While Talley would certainly like his QB to cut down on some mistakes — he threw seven interceptions last season — he does appreciate that Bednarczyk possesses some of the same playmaking skills that made Robertson such a star at ’Nova, including the ability to gain yards on the ground.

In his first season last year, Bednarczyk led the Wildcats in rushing with 515 yards and five touchdowns while throwing for 1,396 yards and 10 touchdowns en route to nabbing CAA co-Offensive Rookie of the Year honors.

This season, which begins for Villanova Saturday at Pittsburgh, Talley hopes he can match those running totals while becoming a 2,000-yard passer with fewer interceptions.

“Last year he was rookie of the year in the CAA but he really could have been an all-league player if he didn’t throw the ball in some bad spots,” Talley said. “I think he learned the hard way by having the ball go against him. In the last game of the year, we had a chance to tie for the championship and go to the playoffs if we had beaten JMU. And he threw two picks that went back for touchdowns. So he’s sort of learned his craft the hard way.”

That season-ending loss to James Madison still stings for the Wildcats, who finished with a 6-5 overall record and missed out on qualifying for the FCS playoffs for just the third time in eight years.

That’s something they hope to reverse in 2016 under the growing leadership of Bednarczyk, who agrees with his coach that he needs to become a smarter player.

“Last year I definitely took too many risks,” the sophomore QB said. “This year, although I still want to throw the ball around because that’s my strong suit, I definitely don’t want to force anything.

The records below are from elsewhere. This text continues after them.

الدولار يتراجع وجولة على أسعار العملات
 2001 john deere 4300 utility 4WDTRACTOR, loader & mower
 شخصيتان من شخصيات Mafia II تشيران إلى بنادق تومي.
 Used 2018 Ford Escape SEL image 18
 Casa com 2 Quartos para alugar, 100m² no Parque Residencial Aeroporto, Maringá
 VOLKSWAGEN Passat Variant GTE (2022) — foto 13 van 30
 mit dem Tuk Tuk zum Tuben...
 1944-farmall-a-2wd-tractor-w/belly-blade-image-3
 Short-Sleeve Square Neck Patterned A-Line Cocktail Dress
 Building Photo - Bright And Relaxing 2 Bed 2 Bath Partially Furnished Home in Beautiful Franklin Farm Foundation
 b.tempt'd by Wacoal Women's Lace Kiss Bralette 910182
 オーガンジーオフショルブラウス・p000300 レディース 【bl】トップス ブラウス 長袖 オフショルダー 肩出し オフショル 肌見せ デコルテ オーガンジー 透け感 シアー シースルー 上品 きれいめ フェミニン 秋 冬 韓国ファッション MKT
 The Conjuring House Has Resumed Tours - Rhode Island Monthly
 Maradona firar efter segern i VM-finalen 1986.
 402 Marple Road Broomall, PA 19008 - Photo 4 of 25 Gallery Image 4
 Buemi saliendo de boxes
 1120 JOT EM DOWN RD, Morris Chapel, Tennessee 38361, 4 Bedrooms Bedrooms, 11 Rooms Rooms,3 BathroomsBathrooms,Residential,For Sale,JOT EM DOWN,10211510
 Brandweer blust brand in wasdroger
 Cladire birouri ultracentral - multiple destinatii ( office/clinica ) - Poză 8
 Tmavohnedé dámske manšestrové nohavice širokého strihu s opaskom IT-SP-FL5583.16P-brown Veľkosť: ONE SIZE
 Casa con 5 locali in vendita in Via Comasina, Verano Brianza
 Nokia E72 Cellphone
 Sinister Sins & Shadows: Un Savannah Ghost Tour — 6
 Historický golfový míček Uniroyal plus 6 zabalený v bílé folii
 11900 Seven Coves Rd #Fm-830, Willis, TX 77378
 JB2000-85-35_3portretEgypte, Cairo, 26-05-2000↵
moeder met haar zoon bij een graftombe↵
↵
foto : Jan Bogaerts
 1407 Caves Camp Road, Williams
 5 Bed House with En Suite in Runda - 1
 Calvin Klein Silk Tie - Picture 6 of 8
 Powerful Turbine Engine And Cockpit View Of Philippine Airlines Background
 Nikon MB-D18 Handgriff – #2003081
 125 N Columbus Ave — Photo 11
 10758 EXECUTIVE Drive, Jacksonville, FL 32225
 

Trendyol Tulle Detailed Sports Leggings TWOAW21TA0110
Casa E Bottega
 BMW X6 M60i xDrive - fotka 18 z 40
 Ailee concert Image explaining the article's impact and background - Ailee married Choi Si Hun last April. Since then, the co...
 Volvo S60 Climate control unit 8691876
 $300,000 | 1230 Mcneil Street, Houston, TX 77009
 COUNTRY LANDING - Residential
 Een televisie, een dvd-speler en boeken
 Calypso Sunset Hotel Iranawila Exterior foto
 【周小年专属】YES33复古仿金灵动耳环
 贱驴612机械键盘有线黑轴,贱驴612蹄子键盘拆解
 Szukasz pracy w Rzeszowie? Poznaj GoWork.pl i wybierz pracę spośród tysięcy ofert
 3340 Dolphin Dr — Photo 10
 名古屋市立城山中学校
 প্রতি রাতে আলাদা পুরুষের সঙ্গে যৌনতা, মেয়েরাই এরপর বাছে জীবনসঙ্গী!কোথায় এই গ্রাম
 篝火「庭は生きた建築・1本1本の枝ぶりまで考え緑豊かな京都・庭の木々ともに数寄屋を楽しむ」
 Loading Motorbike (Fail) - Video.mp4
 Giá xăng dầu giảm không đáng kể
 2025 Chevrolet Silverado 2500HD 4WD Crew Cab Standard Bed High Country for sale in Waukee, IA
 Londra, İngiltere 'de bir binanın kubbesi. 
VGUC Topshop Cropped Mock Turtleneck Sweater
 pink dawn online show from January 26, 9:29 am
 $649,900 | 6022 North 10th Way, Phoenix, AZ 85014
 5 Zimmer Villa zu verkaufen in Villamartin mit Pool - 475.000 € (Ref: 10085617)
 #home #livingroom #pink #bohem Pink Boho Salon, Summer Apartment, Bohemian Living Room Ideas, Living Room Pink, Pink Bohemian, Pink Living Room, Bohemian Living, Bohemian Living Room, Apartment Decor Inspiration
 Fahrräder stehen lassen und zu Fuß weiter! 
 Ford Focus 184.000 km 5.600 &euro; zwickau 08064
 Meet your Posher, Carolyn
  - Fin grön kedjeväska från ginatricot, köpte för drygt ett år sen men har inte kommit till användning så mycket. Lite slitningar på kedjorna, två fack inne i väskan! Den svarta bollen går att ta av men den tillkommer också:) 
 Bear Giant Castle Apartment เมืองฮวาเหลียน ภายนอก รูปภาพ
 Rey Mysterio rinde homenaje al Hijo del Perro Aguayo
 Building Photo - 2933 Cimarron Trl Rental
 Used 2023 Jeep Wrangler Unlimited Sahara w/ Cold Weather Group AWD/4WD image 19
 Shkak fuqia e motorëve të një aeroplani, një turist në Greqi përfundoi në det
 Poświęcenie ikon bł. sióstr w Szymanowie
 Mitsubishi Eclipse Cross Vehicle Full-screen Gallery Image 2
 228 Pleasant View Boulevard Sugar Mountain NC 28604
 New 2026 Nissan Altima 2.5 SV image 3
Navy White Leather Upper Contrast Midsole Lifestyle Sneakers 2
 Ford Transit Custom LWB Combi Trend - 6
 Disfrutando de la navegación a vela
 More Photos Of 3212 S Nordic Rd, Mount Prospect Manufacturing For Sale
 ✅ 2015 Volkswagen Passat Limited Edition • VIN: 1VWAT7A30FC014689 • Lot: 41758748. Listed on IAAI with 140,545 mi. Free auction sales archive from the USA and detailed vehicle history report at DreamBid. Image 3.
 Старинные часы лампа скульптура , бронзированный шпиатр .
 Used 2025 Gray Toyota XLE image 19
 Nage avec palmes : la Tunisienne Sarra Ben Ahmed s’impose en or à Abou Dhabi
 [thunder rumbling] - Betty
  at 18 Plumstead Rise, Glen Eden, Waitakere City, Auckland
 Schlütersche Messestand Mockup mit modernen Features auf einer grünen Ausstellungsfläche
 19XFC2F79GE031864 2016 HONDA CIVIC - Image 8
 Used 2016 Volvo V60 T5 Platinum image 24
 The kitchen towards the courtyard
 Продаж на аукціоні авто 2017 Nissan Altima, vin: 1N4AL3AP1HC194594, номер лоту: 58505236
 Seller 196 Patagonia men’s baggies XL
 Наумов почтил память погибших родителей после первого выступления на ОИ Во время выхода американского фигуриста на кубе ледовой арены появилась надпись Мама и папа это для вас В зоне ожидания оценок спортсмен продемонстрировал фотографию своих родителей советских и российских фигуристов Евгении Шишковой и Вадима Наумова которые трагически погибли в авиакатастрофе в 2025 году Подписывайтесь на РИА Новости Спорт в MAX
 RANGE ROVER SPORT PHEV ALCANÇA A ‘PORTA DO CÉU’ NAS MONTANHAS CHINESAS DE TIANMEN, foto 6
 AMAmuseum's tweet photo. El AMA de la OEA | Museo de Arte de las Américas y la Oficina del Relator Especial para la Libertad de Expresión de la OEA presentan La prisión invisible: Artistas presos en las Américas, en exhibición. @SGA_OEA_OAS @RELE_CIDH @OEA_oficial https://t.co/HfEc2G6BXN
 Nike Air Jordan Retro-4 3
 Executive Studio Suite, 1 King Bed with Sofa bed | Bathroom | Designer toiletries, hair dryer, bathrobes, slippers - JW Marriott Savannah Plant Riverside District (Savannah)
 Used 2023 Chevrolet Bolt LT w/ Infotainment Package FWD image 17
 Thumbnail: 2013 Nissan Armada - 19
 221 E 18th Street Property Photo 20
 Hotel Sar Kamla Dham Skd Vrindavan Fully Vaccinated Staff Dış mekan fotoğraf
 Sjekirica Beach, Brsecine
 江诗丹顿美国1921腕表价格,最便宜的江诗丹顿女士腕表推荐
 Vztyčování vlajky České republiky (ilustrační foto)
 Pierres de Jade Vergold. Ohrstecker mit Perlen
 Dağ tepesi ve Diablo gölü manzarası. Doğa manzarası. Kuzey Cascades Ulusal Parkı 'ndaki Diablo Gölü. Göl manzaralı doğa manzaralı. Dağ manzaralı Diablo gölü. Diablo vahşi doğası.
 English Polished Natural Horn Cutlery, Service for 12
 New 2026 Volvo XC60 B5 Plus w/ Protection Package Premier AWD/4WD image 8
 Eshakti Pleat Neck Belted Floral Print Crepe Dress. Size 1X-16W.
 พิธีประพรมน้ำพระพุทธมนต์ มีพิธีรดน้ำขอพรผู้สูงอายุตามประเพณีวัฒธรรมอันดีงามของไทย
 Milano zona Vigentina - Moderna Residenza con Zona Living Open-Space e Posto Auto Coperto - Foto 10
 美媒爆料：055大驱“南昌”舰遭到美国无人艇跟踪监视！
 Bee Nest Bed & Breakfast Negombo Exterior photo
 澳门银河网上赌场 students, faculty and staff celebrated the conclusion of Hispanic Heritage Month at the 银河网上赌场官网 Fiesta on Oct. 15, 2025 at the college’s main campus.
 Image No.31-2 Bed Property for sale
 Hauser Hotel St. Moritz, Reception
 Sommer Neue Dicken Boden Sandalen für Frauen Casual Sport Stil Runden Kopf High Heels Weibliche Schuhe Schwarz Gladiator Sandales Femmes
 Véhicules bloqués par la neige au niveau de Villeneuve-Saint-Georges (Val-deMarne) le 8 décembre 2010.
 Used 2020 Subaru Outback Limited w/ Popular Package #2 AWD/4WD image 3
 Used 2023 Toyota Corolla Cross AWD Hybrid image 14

I’ll try to cut back on my turnovers. If it looks like it’s too tight of a window to squeeze it this year, I’ll just tuck it and run.”

Bednarczyk will certainly need to be poised in the pocket with Talley admitting that the Wildcats aren’t as deep at receiver as they’ve been in years past. 

At the same time, he may not have to put too many points on the board, considering how good Villanova’s defense can be. Although the unit graduated star linebacker Don Cherry, who’s been in preseason camp with the Eagles, they still boast a veteran unit that includes linebacker Austin Calitro and defensive end Tanoh Kpassagnon.

Kpassagnon, a 6-foot-7, 290-pound NFL prospect, is an especially intriguing player for the Wildcats.

“I think all the pro teams have been through to see him,” Talley said. “He can run. He’s tough. He diagnoses well. He’s in our business school, so he’s smart as can be. And he carries that over to the field.”

Kpassagnon, who was named to the CAA preseason all-conference team, is excited for his senior season but admitted that helping the Wildcats rise to the top of a loaded league won’t be easy. Villanova, which opens league play Sept. 17 vs. Towson, was picked fourth behind Richmond, William & Mary and James Madison.

“There’s no dropoff in competition throughout the CAA,” Kpassagnon said. “In some other leagues, there are a couple of teams that you know will obviously win the conference. But with ours, you never know.”

Of course, Villanova has aspirations beyond just winning the league. As always, the Wildcats — who check in at No. 23 in the STATS preseason Top 25 — will look to make a deep run in the FCS playoffs and, perhaps, try to send Talley out with his second national title.

“The goal is definitely a national championship,” Kpassagnon said. “We all believe we can do it. It’s something we have in the back of our heads.”